Documentos produzidos unilateralmente pela ditadura só mostram como o Estado se
aparelhava; prova a singularidade da atuação repressiva do Estado e de seus
agentes sobre os resistentes políticos – cuja resistência é, ainda hoje,
desqualificada como terrorista, sem se aperceber de que o argumento que torna a
resistência civil ilegítima, torna simetricamente ilegítimo o assalto dos
militares ao poder constituído em 1º de Abril de 1964.
No entanto, há um instante em que a negação se converte em positividade salvífica: trata-se de uma disputa pelo lugar do messias, que
os militares esforçam-se por ocupar, encarregando-se da teleologia da história,
a qual não existe e cuja autoria não poderia ser-lhes atribuída, pois não pode
ser atribuída a ninguém em particular (tanto menos ao Estado). “Ninguém é
responsável por uma emergência, ninguém pode se autoglorificar por ela; ela
sempre se produz no interstício”, afirmaria o Foucault de Nietzsche, a genealogia e a história.
As emergências são
impessoais e designam a abertura de um espaço de confronto. Isso também
significa que militares, sociedade organizada, Estado ou instituições nada
podem fazer para conter uma emergência. A estipulação das condições de uma
emergência qualquer constitui o campo de imanência sobre o qual Estado e instituições são
erigidos e, por essa mesma razão, tais condições não podem ser agarradas,
manipuladas, sem destruir seu próprio solo.
A
mitologia da ampla reconciliação nacional, construída a partir da Lei de Anistia, por seus presumidos efeitos de pacificação e concórdia,[2] creditam-se da falácia de
que os militares e a direita brasileira continuam imparciais e desqualificam
politicamente a memória que está em jogo.
Colocar a memória em jogo, fazer sua
genealogia, perscrutar eticamente suas visibilidades – isso que também faz
parte das escrituras da História, e que não cabe unicamente ao Estado – serve precisamente para fazer vacilarem as
verdades constituídas; afinal, a verdade sobre a reconciliação - da qual os
militares e a direita se autoproclamam os instituidores - bem pode ser um erro que teve,
até agora, “a seu favor o fato de não poder ser refutada”, como quisera
Foucault sobre a genealogia da verdade em geral.
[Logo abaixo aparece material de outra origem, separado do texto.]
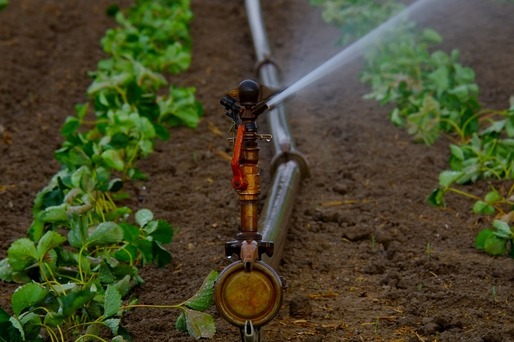 Fermierii români învață în Israel cum se fac irigațiile. Tur al așezărilor kibbutz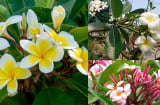 Vì sao hoa đại đẹp nhưng nhiều người kiêng không trồng cây hoa đại trước nhà? Ý nghĩa bất ngờ của cây hoa đại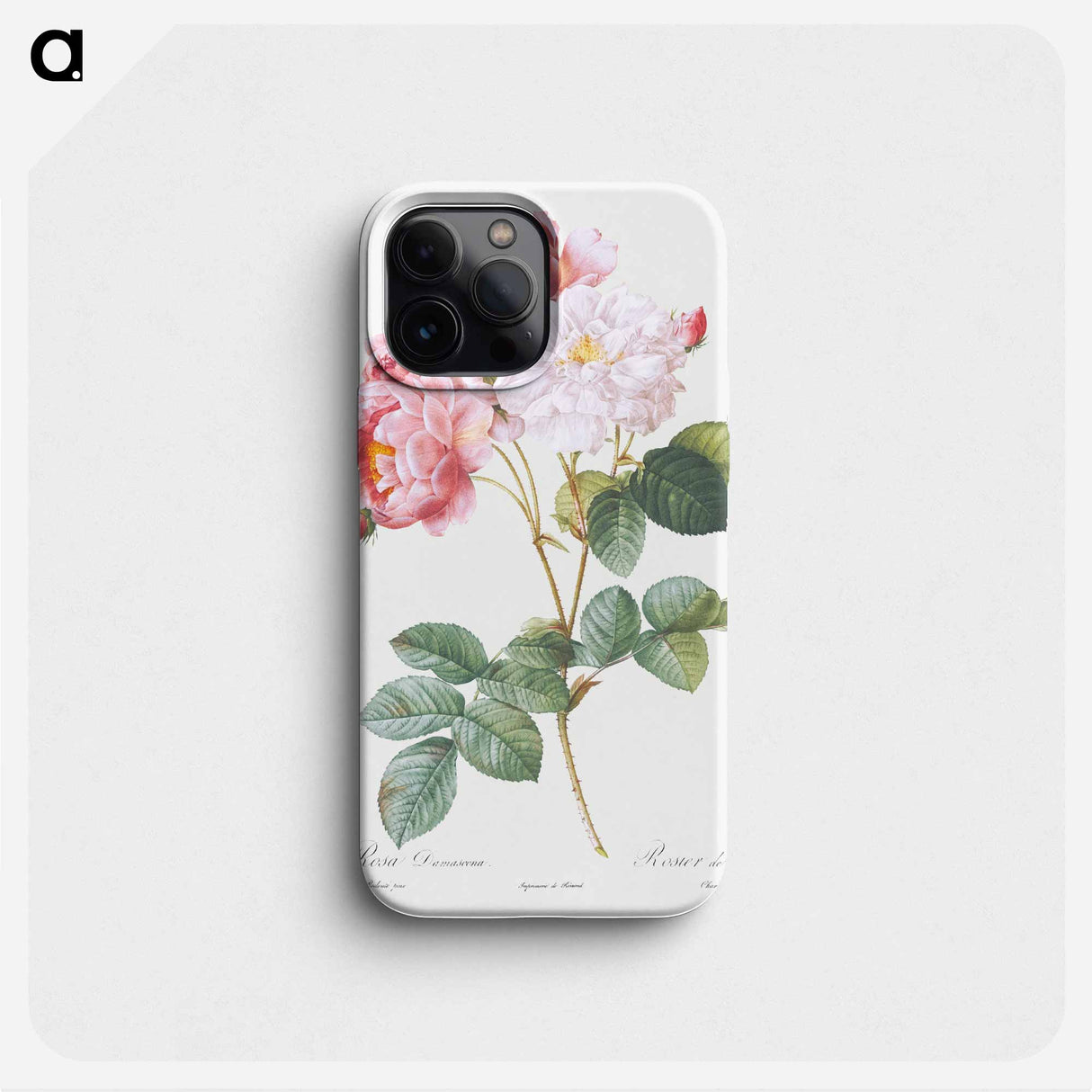 Rosa × damascena, Rosebush - Pierre Joseph Redouté Phone Case.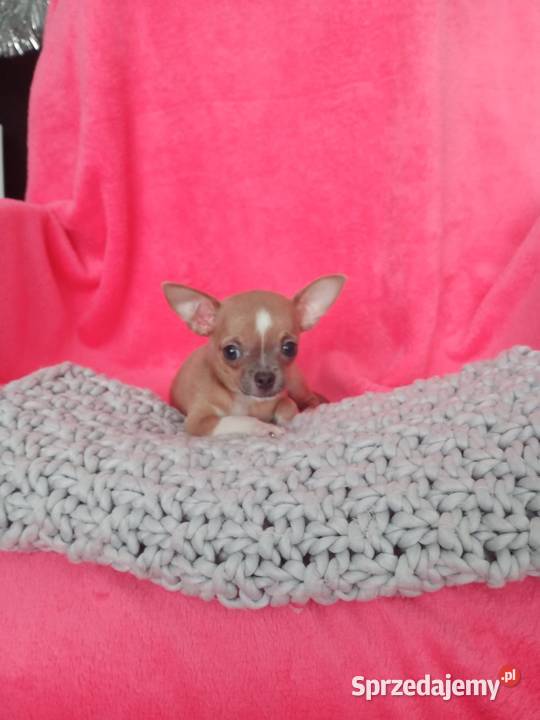 Urocze Chihuahua XXS Szukaja Kochajacego Domu Warszawa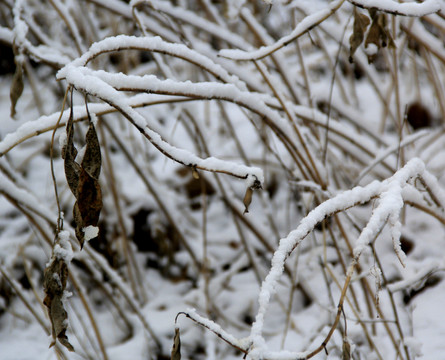 雪枝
Não houve, até hoje, erro mais
irrefutável nem “verdade” mais parcial e ideológica que o recalque civil-militar
imposto pela generalização do discurso de que a ditadura no Brasil é
página virada. Não há nada mais político, interessado e privatista que o
recalque civil-militar; e não há nada mais ideológico que negar o erro e o
horror, Dênis.
--
[1] É Rosenfield quem escreve que “O Brasil apresenta, dentre os países da América Latina, um
modelo único de transição de um regime autoritário para um democrático. Seu
norte foi o da conciliação nacional, seu instrumento foi a Lei da Anistia,
válida para todos os lados”. Não se apercebe, porém, de que a Lei de Anistia,
de 1979, aprovada “bionicamente”, excepciona “os
que foram condenados pela prática de crimes de terrorismo, assalto, seqüestro e
atentado pessoal”.
[2] Escreve Rosenfield: “[...]
pretender revogar a Lei da Anistia é um ato que tem como objetivo substituir a
concórdia estabelecida pela discórdia”, e também: * “[...] os militares têm razão em ter
reagido, pois estão defendendo uma lei de pacificação nacional”. E, o
que se assoma como ainda mais interessante é que Rosenfield afirma como único
ponto a favor do governo Dilma que “[...] o Brasil
chega à posição de sexta economia do mundo, graças à sua estabilidade
institucional e ao seu ambiente político”, dando a ver a filiação (a meu
ver nem um pouco oculta, sobre o qual Eduardo
Viveiros de Castro há muito alerta) do caráter desenvolvimentista dos
governos Lula-Dilma às estruturas de desenvolvimentismo da ditadura militar.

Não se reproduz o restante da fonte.